• THE PROBLEM
Everything in the records below goes into the copy exactly, except the pictures.

________________

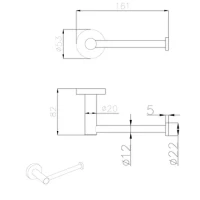 AQM7208MB Trento Держатель туалетной бумаги, черный матовый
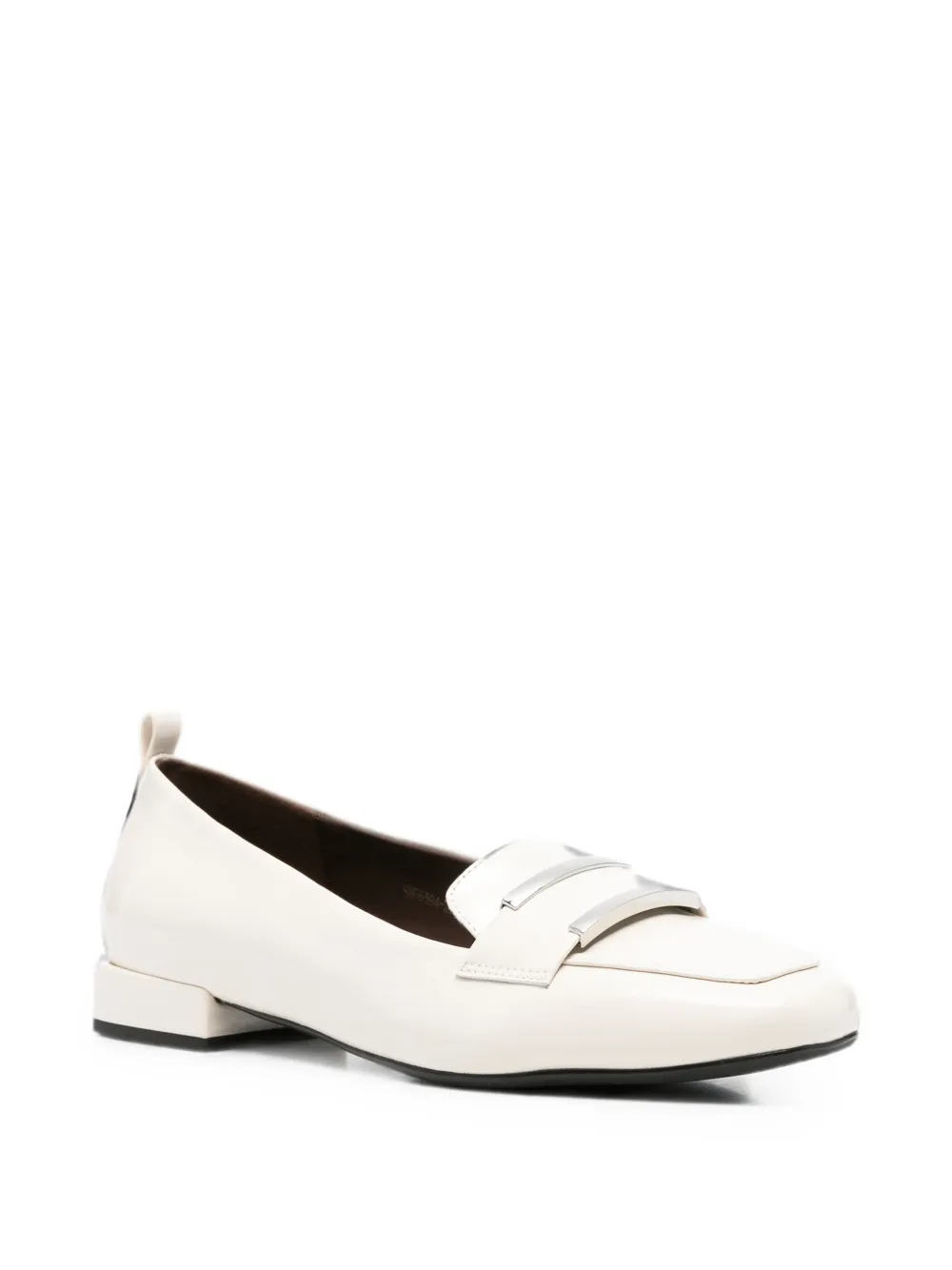 SERGIO MORETTI FIRENZE metal-plaque square-toe loafers Beige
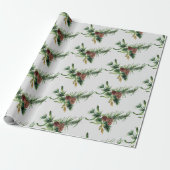 Pine Cone und Evergreen Branch Wrapping Paper Geschenkpapier (Ungerollt)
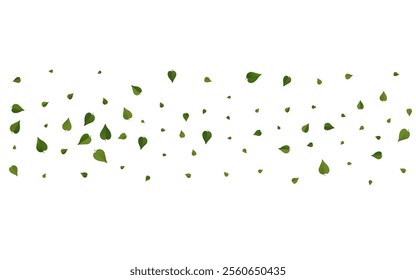 Green Leaves Tea Vector White Background Concept. Wind Leaf Template. Mint Foliage Herbal Poster. Greens Abstract Wallpaper.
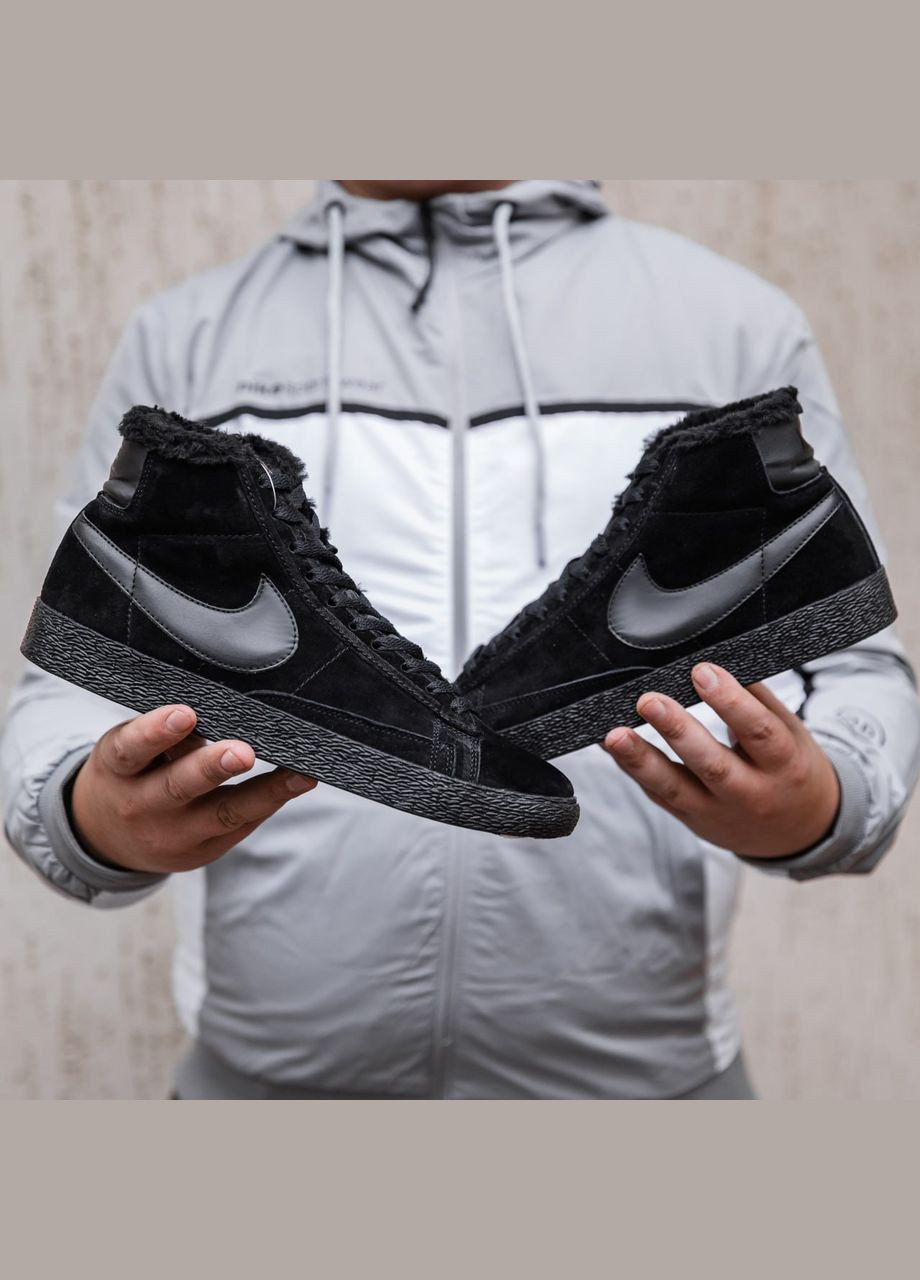 Черные зимние кроссовки зимние мужские nike blazer mid 77 vintage winter black fur | найк блейзер 77 высокие черные с мехом No Brand
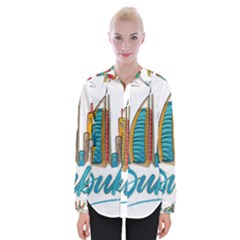 Burj Khalifa Skyline Clip Art Drawing Comic World Womens Long Sleeve Shirt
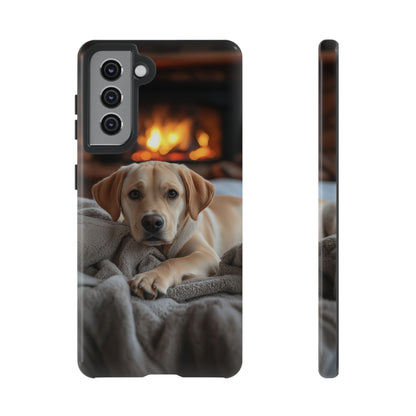 Cozy Golden Retriever by the Fireplace - Samsung Galaxy Case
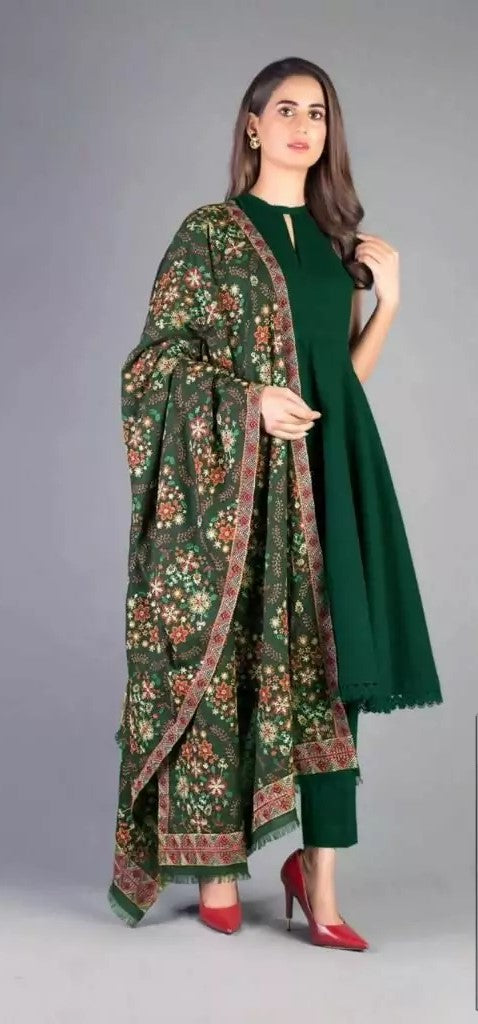 3 PC Dhanak Suit with Heavy Embroidered Dhanak Shawl-SR127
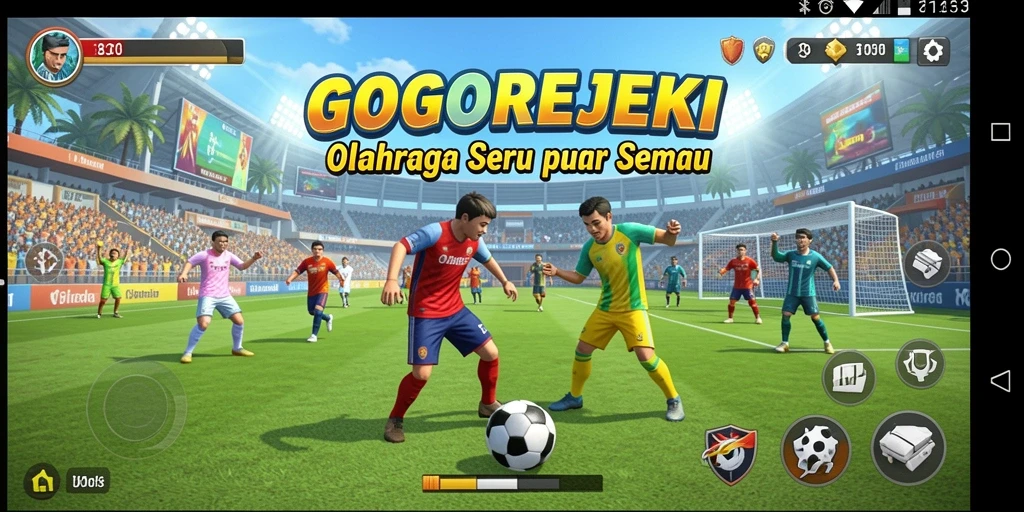 Tangkapan layar utama GOGOREJEKI menunjukkan aksi olahraga yang seru.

________________

• EXPECTED OUTPUT
 AQM7208MB Trento Держатель туалетной бумаги, черный матовый
 SERGIO MORETTI FIRENZE metal-plaque square-toe loafers Beige
 Pine Cone und Evergreen Branch Wrapping Paper Geschenkpapier (Ungerollt)
 Green Leaves Tea Vector White Background Concept. Wind Leaf Template. Mint Foliage Herbal Poster. Greens Abstract Wallpaper.
 Черные зимние кроссовки зимние мужские nike blazer mid 77 vintage winter black fur | найк блейзер 77 высокие черные с мехом No Brand
 Burj Khalifa Skyline Clip Art Drawing Comic World Womens Long Sleeve Shirt
 Cozy Golden Retriever by the Fireplace - Samsung Galaxy Case
 3 PC Dhanak Suit with Heavy Embroidered Dhanak Shawl-SR127
 Tangkapan layar utama GOGOREJEKI menunjukkan aksi olahraga yang seru.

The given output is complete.